(EXERCISE INSTRUCTIONS)
The finished copy should hold every entry exactly as given, and no pictures.

Scraped caption text data:

--- START ---

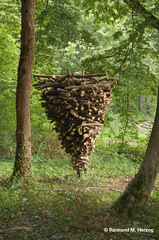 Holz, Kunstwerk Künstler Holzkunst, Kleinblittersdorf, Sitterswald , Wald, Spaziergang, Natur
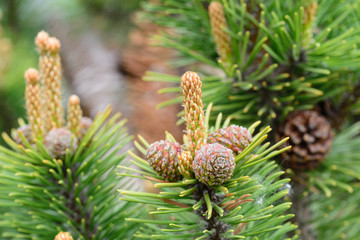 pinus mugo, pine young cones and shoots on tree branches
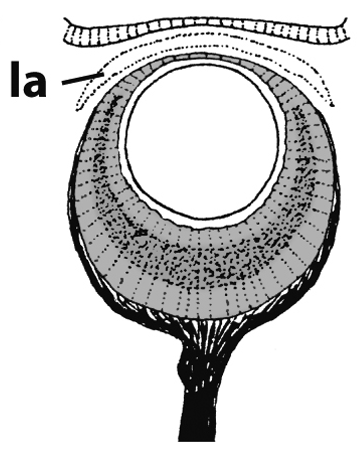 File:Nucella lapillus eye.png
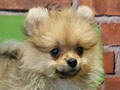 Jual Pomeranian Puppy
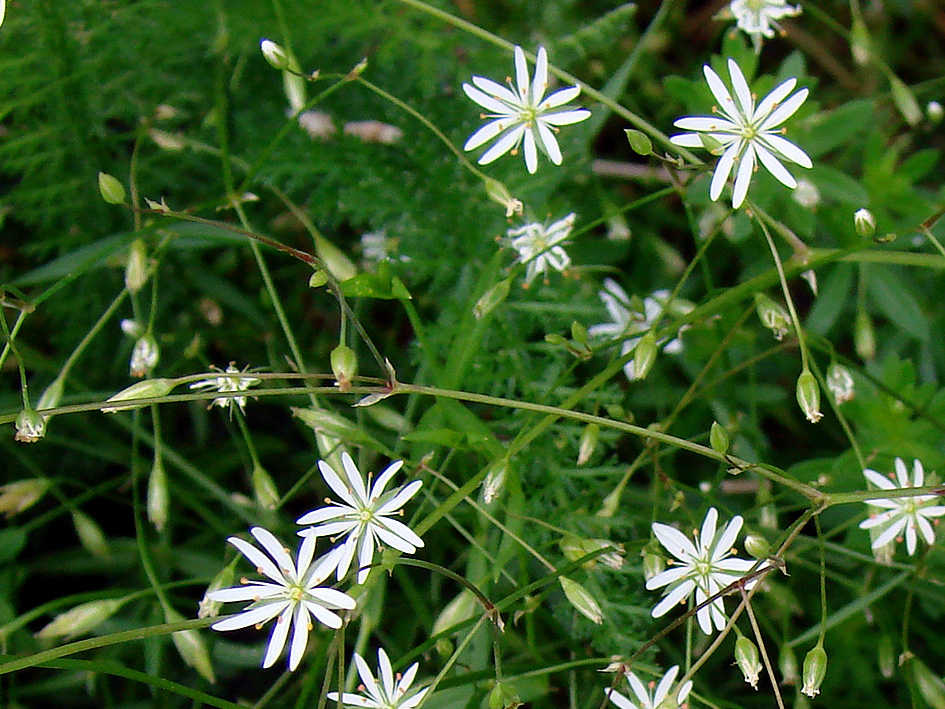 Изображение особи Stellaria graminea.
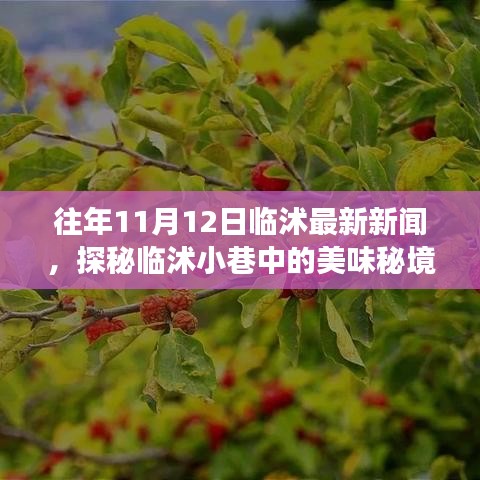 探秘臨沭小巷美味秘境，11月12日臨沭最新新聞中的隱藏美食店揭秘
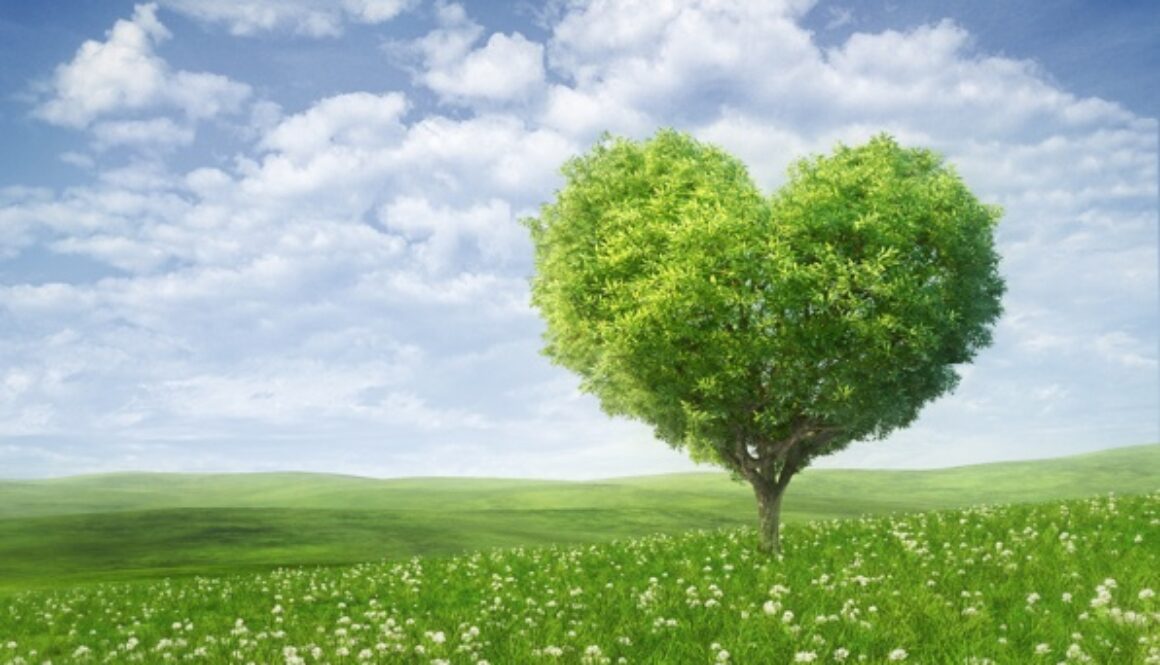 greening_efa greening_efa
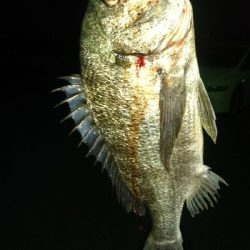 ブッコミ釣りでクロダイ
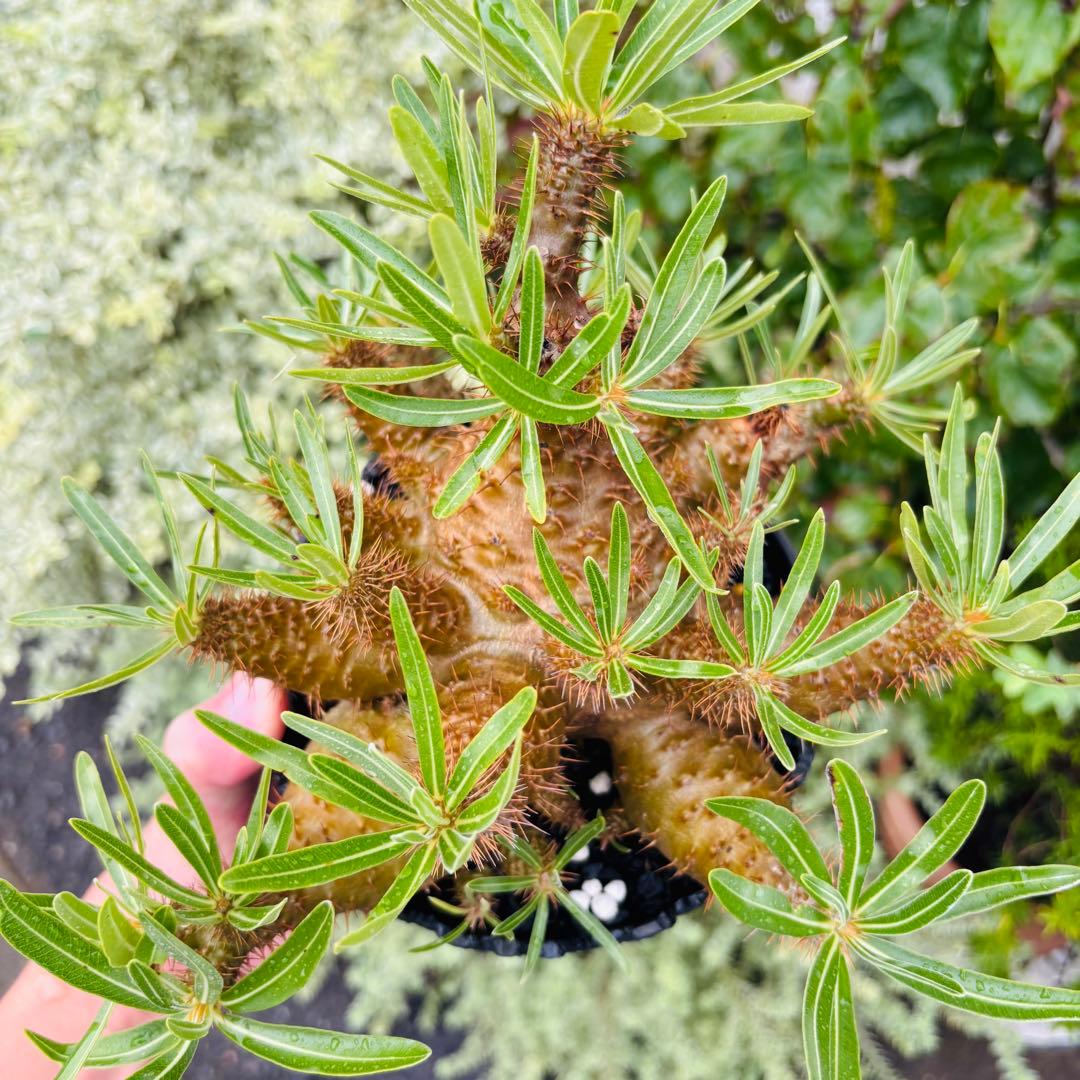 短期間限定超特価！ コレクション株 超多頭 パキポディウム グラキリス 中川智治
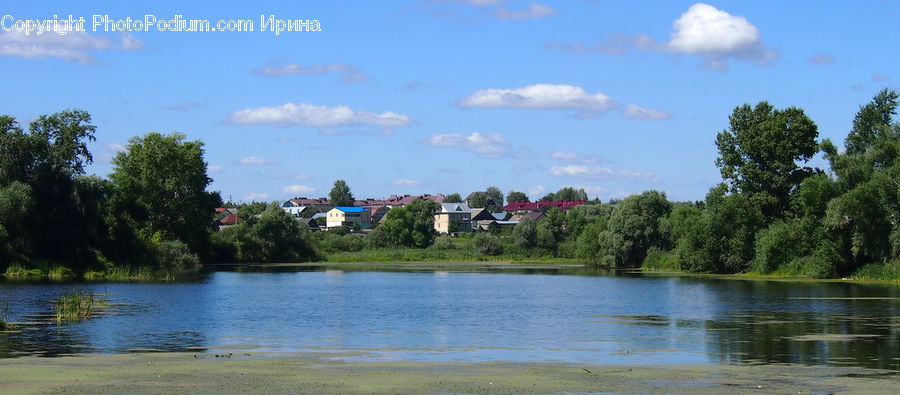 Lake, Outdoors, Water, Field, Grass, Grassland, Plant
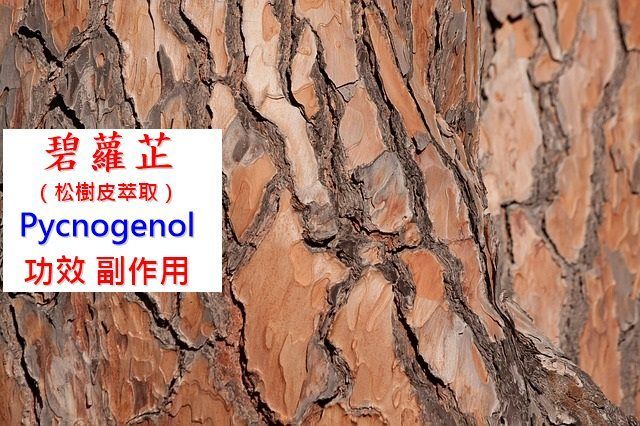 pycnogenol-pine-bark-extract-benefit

--- END ---

(WRITTEN ANSWER)
 Holz, Kunstwerk Künstler Holzkunst, Kleinblittersdorf, Sitterswald , Wald, Spaziergang, Natur
 pinus mugo, pine young cones and shoots on tree branches
 File:Nucella lapillus eye.png
 Jual Pomeranian Puppy
 Изображение особи Stellaria graminea.
 探秘臨沭小巷美味秘境，11月12日臨沭最新新聞中的隱藏美食店揭秘
 greening_efa greening_efa
 ブッコミ釣りでクロダイ
 短期間限定超特価！ コレクション株 超多頭 パキポディウム グラキリス 中川智治
 Lake, Outdoors, Water, Field, Grass, Grassland, Plant
 pycnogenol-pine-bark-extract-benefit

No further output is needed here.